The case has also attracted attention from advocates for the mentally disabled, who believe that any unchaperoned confession by a retarded defendant is suspect. As a teen, Davis was diagnosed with "organic brain disfunction," which doctors date to a bicycle accident suffered at age 10; in their judgment, he falls within the "borderline range of intelligence." According to Richard Ofshe, a sociologist at the University of California, Berkeley, who specializes in interrogation techniques, "Mentally retarded people get through life by being accommodating whenever there is a disagreement. They've learned that they are often wrong; for them, agreeing is a way of surviving." Eliciting a confession from such people, he adds, "is like taking candy from a baby."

To be sure, Davis is no swaddled innocent, as he is the first to admit. "I made my share of errors and mistakes, and did my share of wrong -- sinned against both man and God," he wrote recently. "But I am not a murderer." That message has been disseminated to tens of thousands of Internet users via a home page that was established by his defense team on the World Wide Web.
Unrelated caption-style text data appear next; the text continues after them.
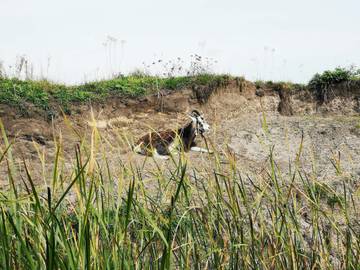 Ferienhaus für 6 Personen in Ringkøbing, Dänemark an der Nordsee, Bild 2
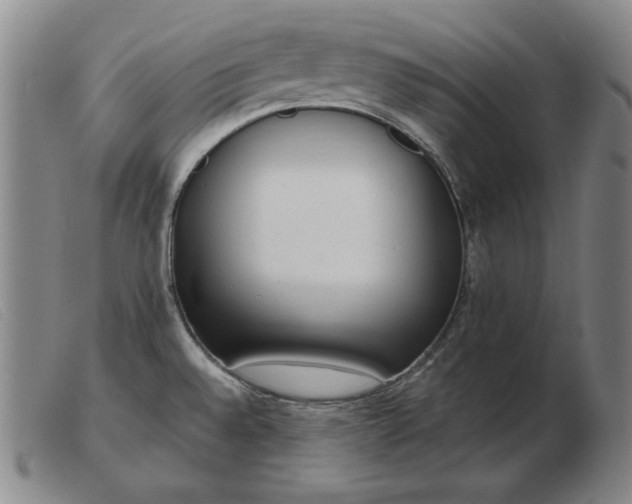 X0000103431528200809191649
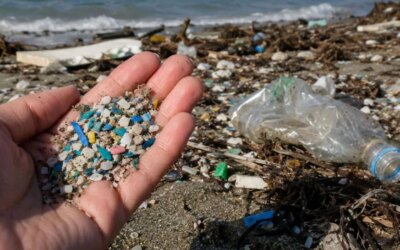 Tears of the Mediterranean! Microplastic is washing up on the shore!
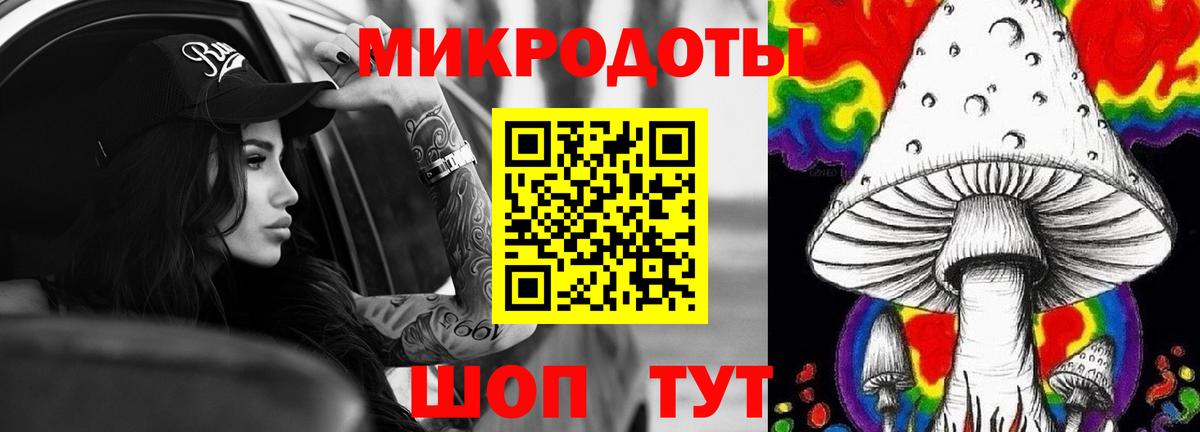 Галлюциногенные грибы Psilocybe Чита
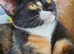 A Tuxedo Tabby and Tortoiseshell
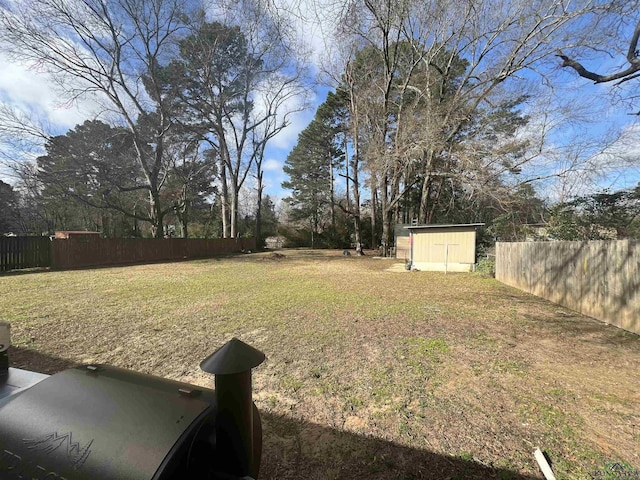 view of yard with a shed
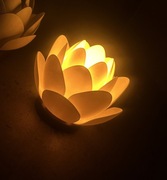 Lampka nocna/biurowa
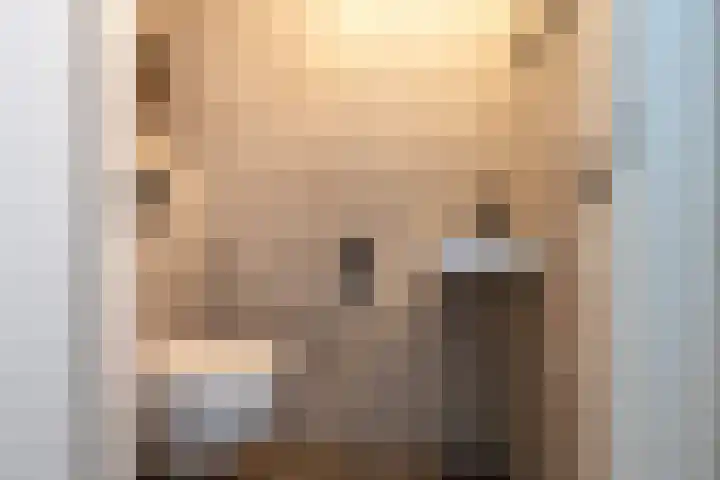 Tuinhommel 7 Krommenie thumbnail 24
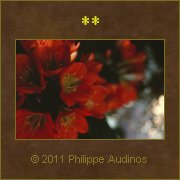 Image n12 - Quelques fleurs oranges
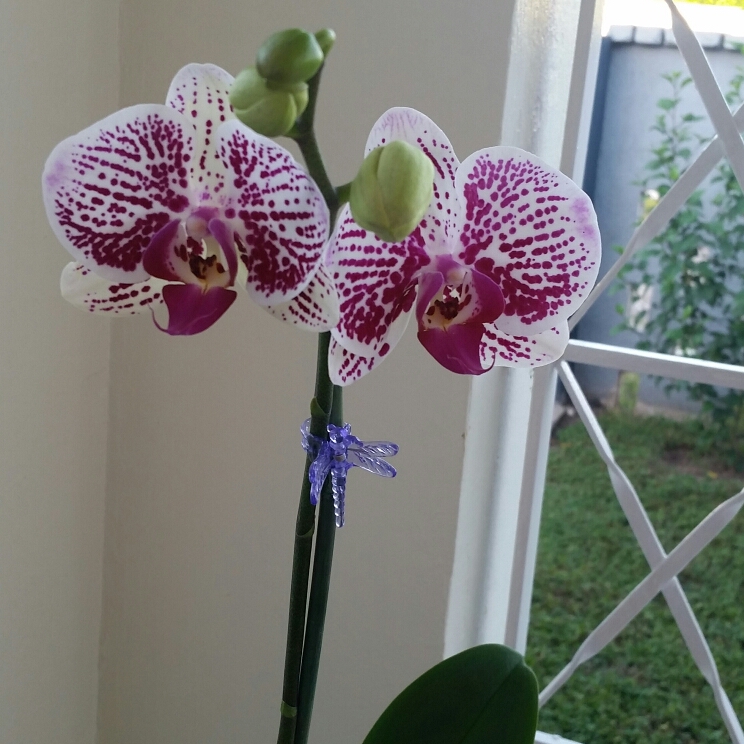 Plant image Phalaenopsis 'Fusheng's Mystical Dream'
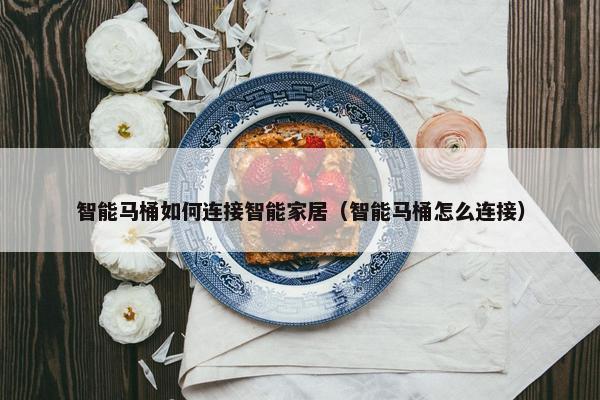 智能马桶如何连接智能家居（智能马桶怎么连接）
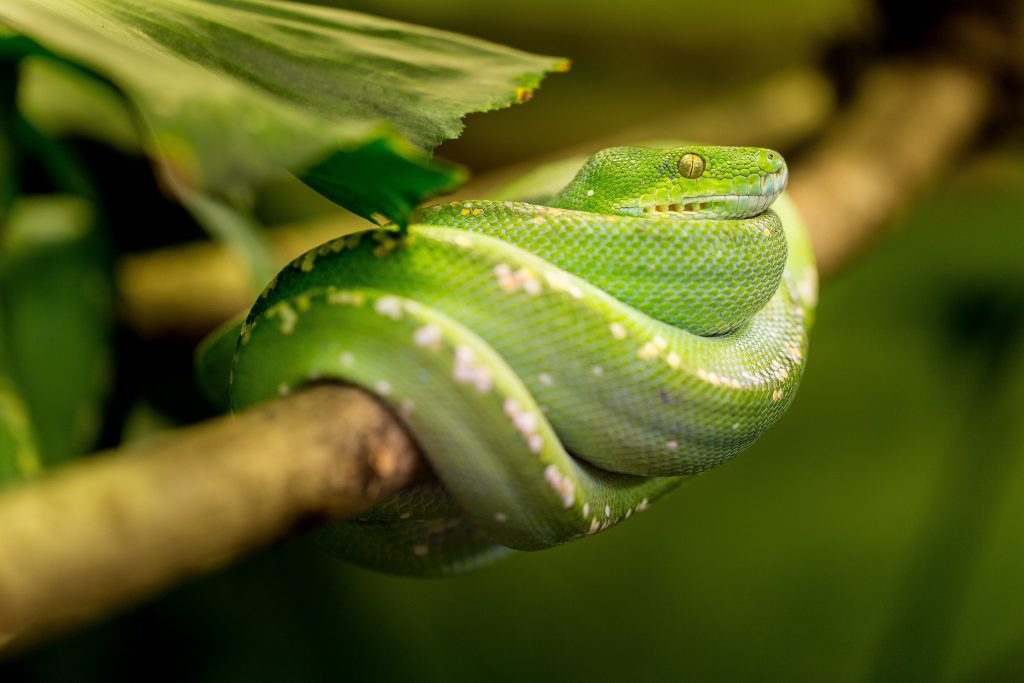 serpente verde nei sogni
In addition to the facts of the case, the page presents, side by side, two quite dissimilar handwriting samples: one taken from a note that police say Davis wrote in 1979, the other recently penned by Davis. In response, more than 1,000 people have so far sent E-mail to Illinois Governor Jim Edgar demanding clemency for Davis.

According to the police, that 1979 note, which admits to 11 crimes, among them the killing of an "old man in a trailor [sic] . with a 22 rifle," was written by Davis and passed to a guard at the St. Clair County jail on Sept. 9. Police maintain that Davis was then removed from his cell at 10 p.m. for a five-hour tour to help investigators look for evidence. At the tour's end, they say, he signed documents prepared by police in which he confessed to more than 20 separate criminal charges of murder, attempted murder and robbery.